Part C consists of two data sets. These are simple 2 columns sets, however they have different time stamps. Your optional assignment is to time-base sequence the data and aggregate based on hour (example of what this looks like, follows). Note for multiple recordings within an hour, take the mean. Then to determine if the data is stationary and can it be forecast. If so, provide a week forward forecast and present results via Rpubs and .rmd and the forecast in an Excel readable file.

Data Exploration

#Data Plot
pipe_1 <- read_excel("Waterflow_Pipe1.xlsx") %>% mutate(`Date Time` = as.POSIXct(`Date Time` * (60 * 60 * 24), origin = "1899-12-30", tz = "GMT"))
pipe_2 <- read_excel("Waterflow_Pipe2.xlsx") %>% mutate(`Date Time` = as.POSIXct(`Date Time` * (60 * 60 * 24), origin = "1899-12-30", tz = "GMT"))
pipes <- pipe_1 %>% mutate(Pipe = "Pipe 1") %>% rbind(mutate(pipe_2, Pipe = "Pipe 2"))
ggplot(pipes, aes(`Date Time`, WaterFlow, color = Pipe)) + geom_line() + scale_color_brewer(palette = "Set2") + facet_wrap(. ~ Pipe)

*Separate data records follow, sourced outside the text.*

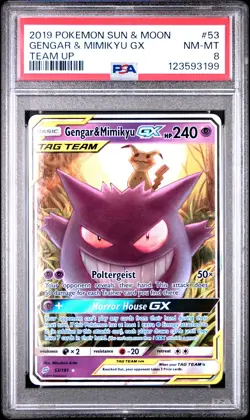 2019 POKEMON SUN & MOON TEAM UP #53 GENGAR & MIMIKYU GX PSA 8 - Image 1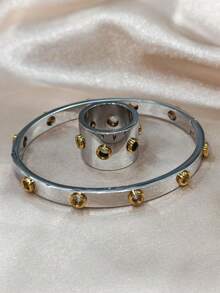 1/2 Buah Perhiasan Set Pernikahan Gelang Cincin Gaya Punk Berlebihan Berlapis Baja Tahan Karat 18K - Perak - View 3
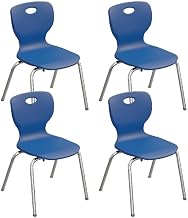 Correll CSC 14" Classic Metal/Plastic Stacking Student Chair - Blue (Set of 4)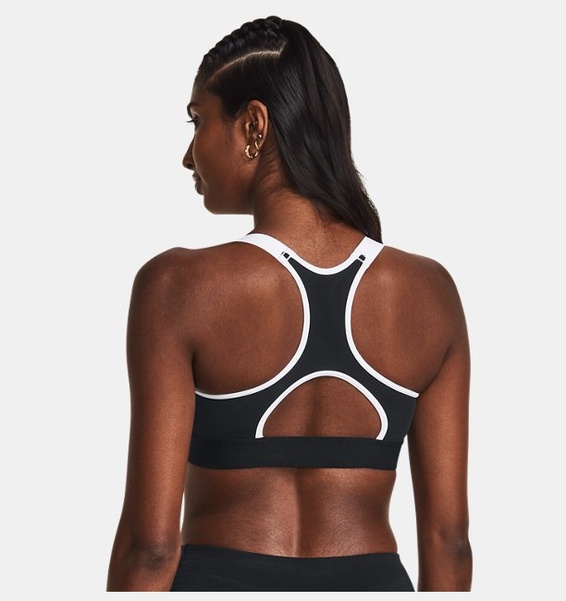 Siyah Kadın HeatGear® Armour High Baskılı Spor Sütyeni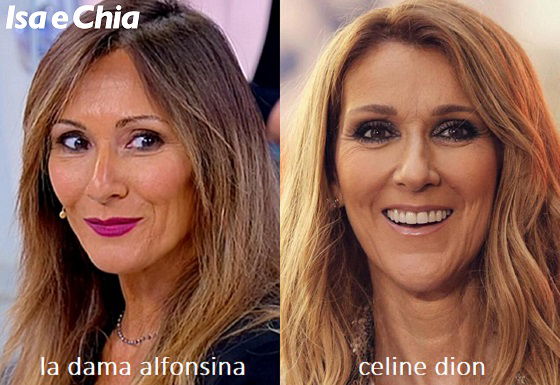 Somiglianza tra Alfonsina, dama del Trono over di 'Uomini e Donne', e Céline Dion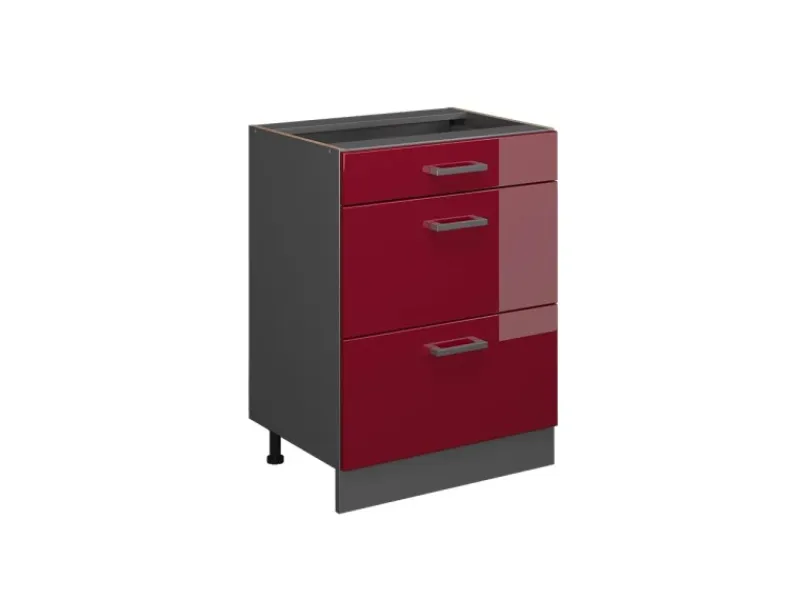 Vicco Küchenunterschrank R-Line Bordeaux Hochglanz/Anthrazit 60 cm mit Schubladen ohne Arbeitsplatte< Küchenschränke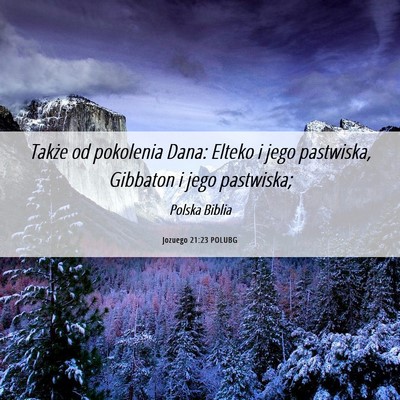Picture 06 - Jozuego 21:23 POLUBG - Także od pokolenia Dana: Elteko i jego - Bible Verse Picture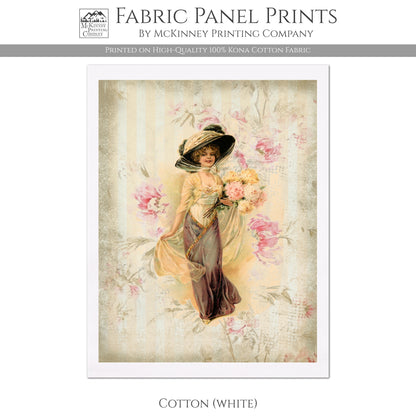 Victorian Woman, Fabric Panel Print - Cotton, White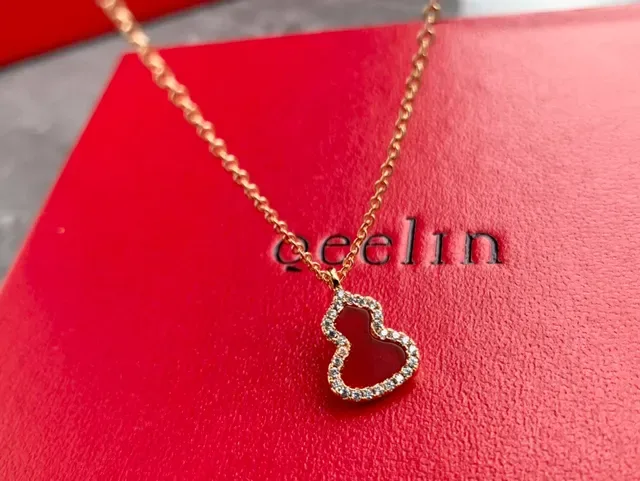 Gourd-Shaped Red Enamel and Pavé Stone Pendant Necklace 9
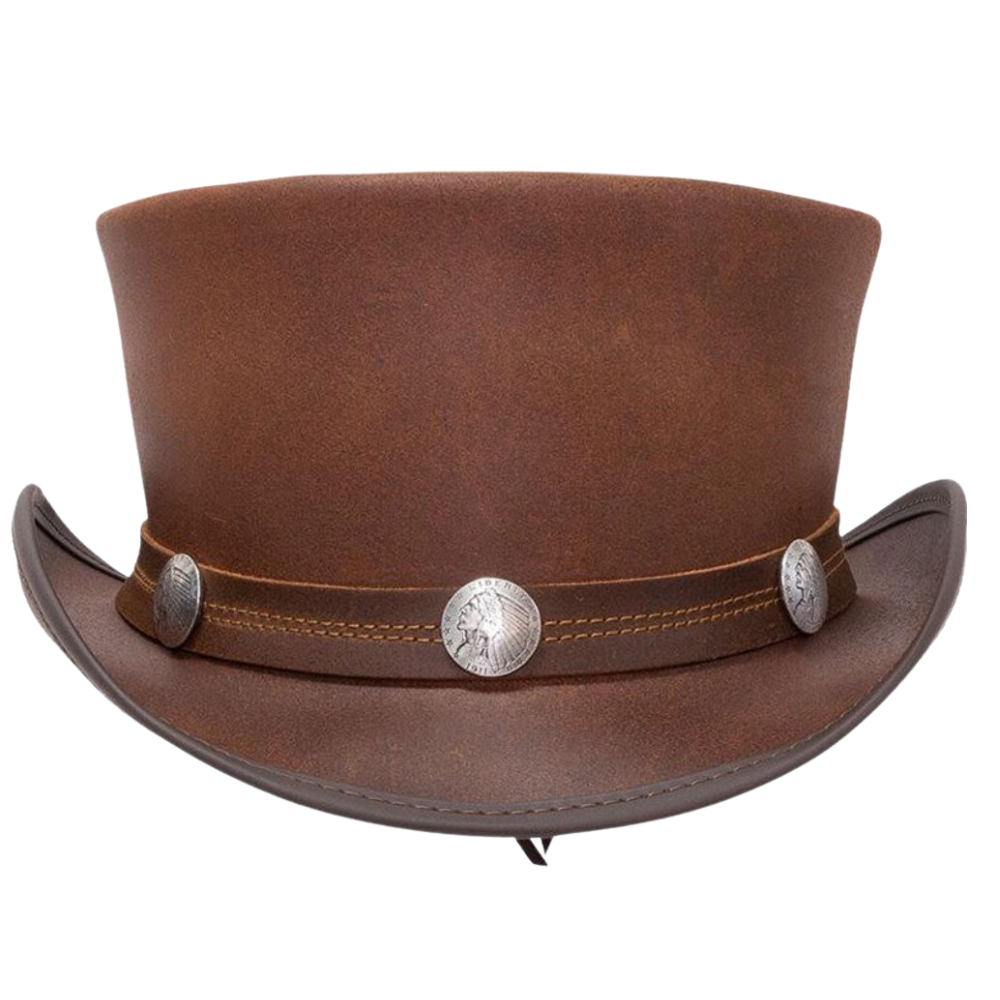 Elegant Marlow top hat featuring a nickel band

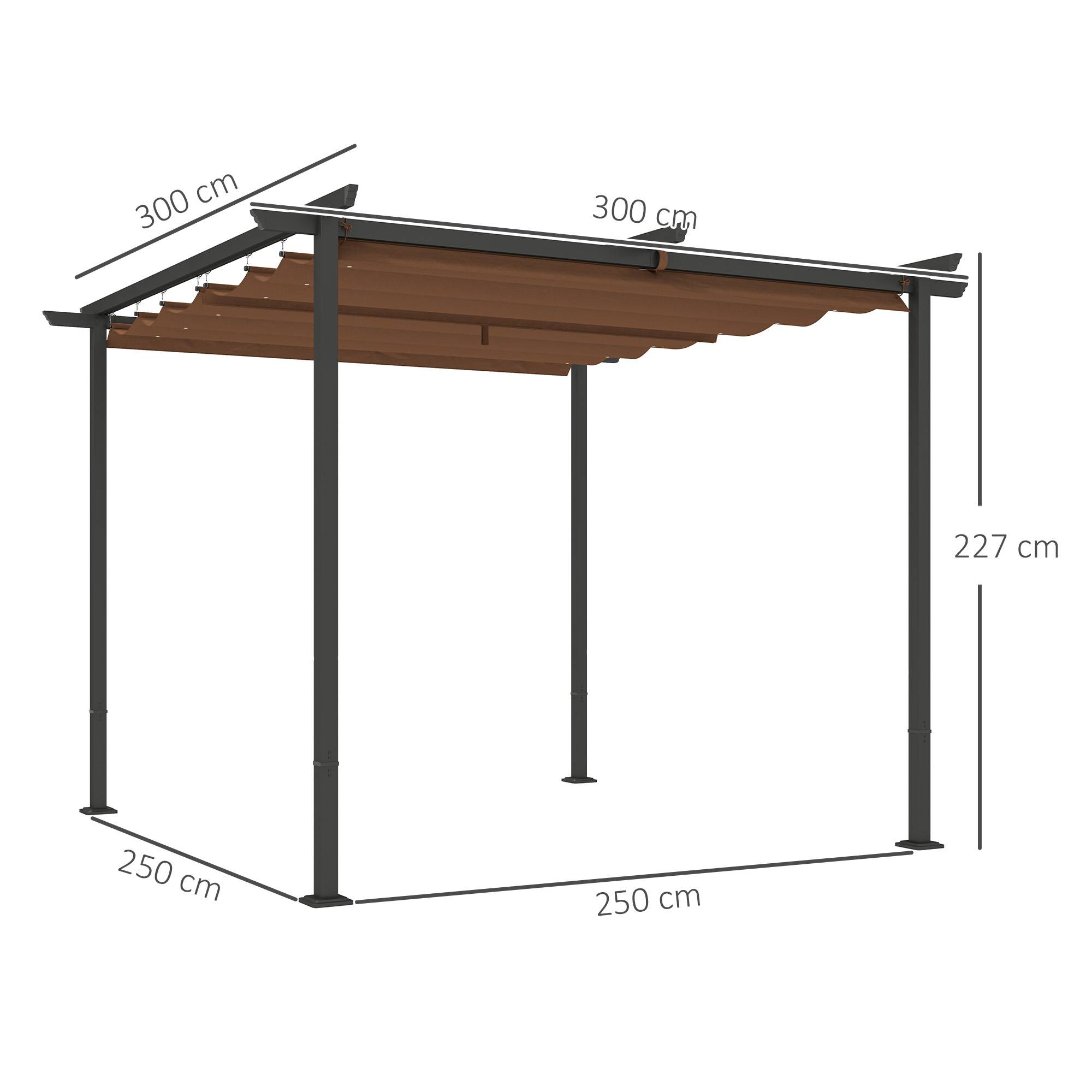 Outsunny - Pergola 3x3m coulissante rétractable tonnelle abri soleil UPF30+ polyester 180g/m² pour terrasse patio marron - OUTSUNNY - Image 3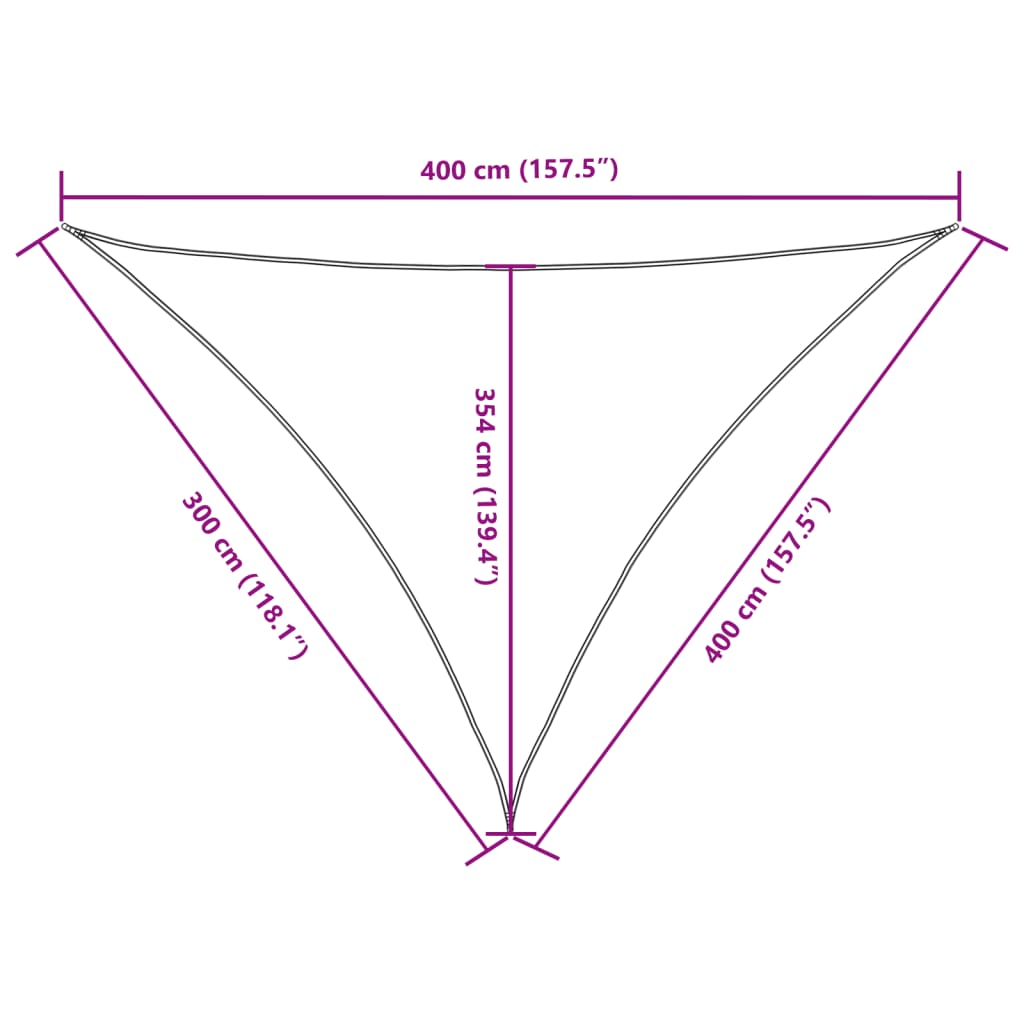 Parasole a Vela Oxford Triangolare 3x4x4 m Bianco - homemem39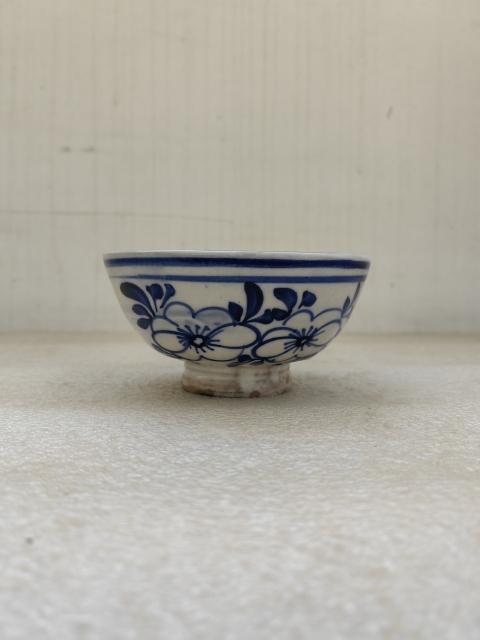 古玩陶瓷青花花卉紋茶碗拍賣，當前價格750元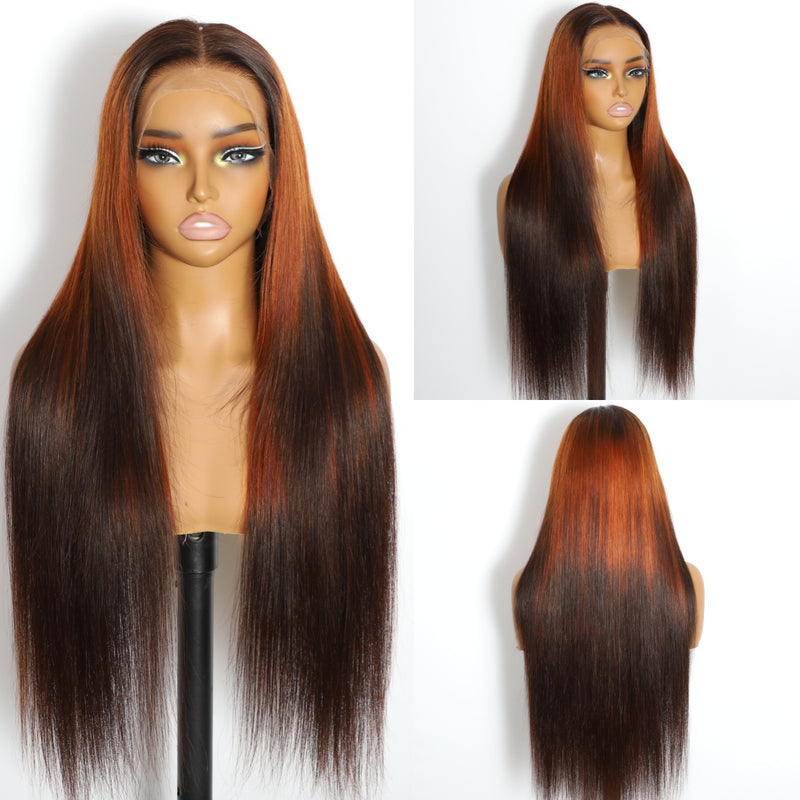 ZSF Trendy Fox Tail Color Ombre Black Orange Straight Lace Wig Natural ...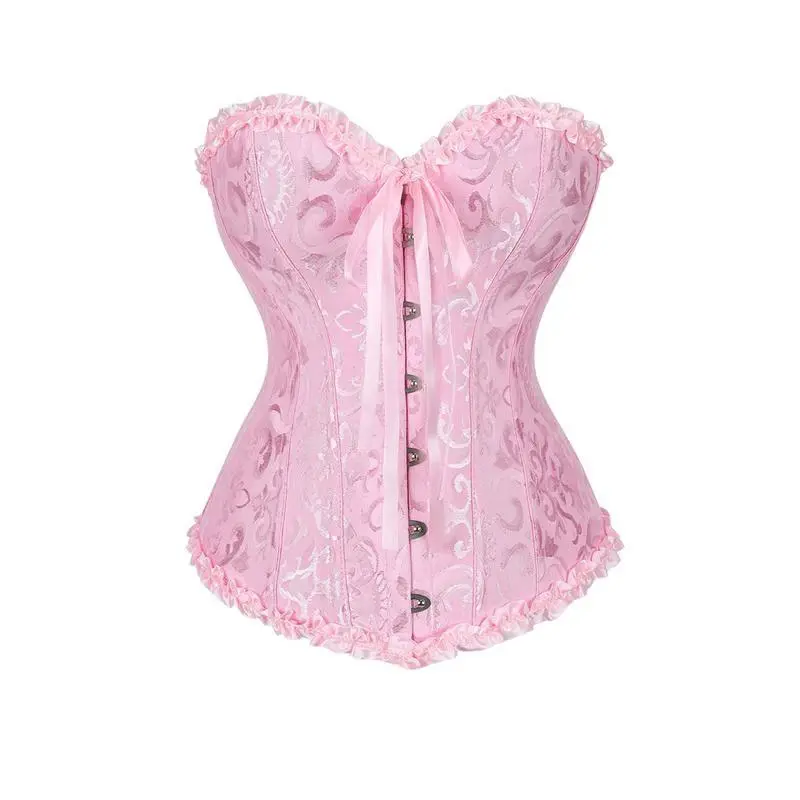 Women Plus Size Vintage Overbust Corset Pink Black Lace Up Boned Bustier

The pipes have varying time frames of data observations where Pipe 1 has a week of data while Pipe 2 has a little over a month. Pipe 1 has a median waterflow of about 20, while pipe 2 has a median of 40.
It appears that both pipes have the same amount of observations meaning that Pipe 1 has multiple observations within a shorter period of time which helps to understand the median difference. I will attempt to clean the data points for further analysis.

Pipe 1

#Data Cleaning
pipe_1 <- pipe_1 %>% mutate(Date = as.Date(`Date Time`), Time = paste0(format(`Date Time`, "%H"), ":00:00")) %>% group_by(Date, Time) %>% summarise(WaterFlow = mean(WaterFlow)) %>% ungroup() %>% mutate(`Date Time` = as.POSIXct(paste(as.character(Date), Time)), format = "%Y-%m-%d %H:%M:%OS") %>% select(`Date Time`, WaterFlow)
#Data Plot
pipe_1_ts <- ts(pipe_1$WaterFlow, start = c(2015, 10, 23), frequency = 24)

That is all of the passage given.